Email warmup is the practice of building a mailbox's sending reputation by exchanging realistic emails with other trusted mailboxes. This teaches Google and Microsoft that your mailbox behaves like a real person — not a bulk sender.
The problem with one-time warmup
Most outreach tools offer a warmup phase — typically 2 to 6 weeks — and then tell you to switch it off once you're ready to send campaigns. This creates an immediate problem.
A mailbox that has been warmed up for 3 weeks and then suddenly switches from 20 warmup emails per day to 50 cold campaign emails per day looks very different to Google. The pattern breaks. The sending behaviour changes. And over time — sometimes within weeks — the domain score starts to decline.
❌ One-time warmup (other tools) | ✓ Continuous warmup (GetReplies) |
Warm up for 2–6 weeks | Connect mailbox |
Switch warmup off | Warmup runs continuously alongside campaigns |
Start sending campaign volume | System balances warmup and campaign sends daily |
Domain score gradually declines | Domain score is maintained and grows over time |
Emails start landing in promotions or spam | Emails consistently land in primary |
Open and reply rates drop | Reply rates stay healthy |
Have to restart warmup from scratch | Nothing to restart — warmup never stopped |
How continuous warmup works in GetReplies
When you connect a mailbox, GetReplies immediately begins warmup. This warmup never stops — even when you are actively running campaigns. The system runs both simultaneously, every day.
Here is what happens behind the scenes on a typical day for a connected mailbox:
| ⚙ Daily mailbox activity — what GetReplies does each day |
Warmup sends | System sends a set of realistic emails to trusted warmup network mailboxes |
Warmup receives | Warmup emails arrive in your inbox and are automatically marked as not spam |
Warmup replies | Some warmup emails receive replies, creating normal two-way engagement |
Campaign sends | Campaign emails go out to your prospects within your daily limit |
What the warmup limit controls
In your mailbox settings you will see two separate limits:
Daily warmup limit.
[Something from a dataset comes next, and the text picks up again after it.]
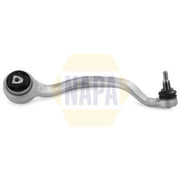 NAPA Control/Trailing Arm Front Right fits BMW X5 2006-2018 3.0 4.8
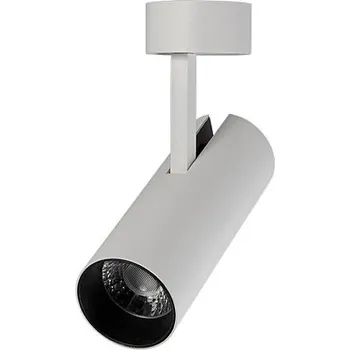 Přisazené LED svítidlo XFOCUS SURFACE 4000K FS20NW SWH, Arelux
The number of warmup emails the system will send and receive per day. This is managed automatically — you do not need to change it.
Daily campaign limit. The maximum number of campaign emails your mailbox will send per day. This is what you set.
The two limits run independently. The warmup limit is always on in the background. Your campaign limit is what you control.
How the coin-toss sending mechanism works
GetReplies doesn't send all your campaign emails in a burst at the start of the day. Every 3 minutes, the system makes a probabilistic decision: send an email now, or wait?
This creates a natural, randomised sending pattern across your active hours — which looks exactly like a real person sending emails throughout the day, rather than a bulk sender firing off 50 emails in one go.
At 50% probability over an 8-hour window, you get roughly 80 send opportunities — which maps to your campaign limit of around 20–50 emails depending on your settings.
Should I turn warmup off for older mailboxes?
No — and this is one of the most common mistakes teams make when switching to GetReplies from other tools. Even if your mailbox is months or years old, continuous warmup still provides value:
It counteracts the signal from campaign bounces, which will always occur to some degree
It maintains the positive engagement pattern that keeps your domain score healthy
Email service providers update their scoring continuously — a dormant mailbox can lose reputation even without you doing anything wrong
For older mailboxes, simply leave warmup on and skip the ramp-up feature (which is only needed for new mailboxes). Set your campaign limit manually to whatever you're comfortable with — 30 to 50 per day is sensible for a well-established mailbox.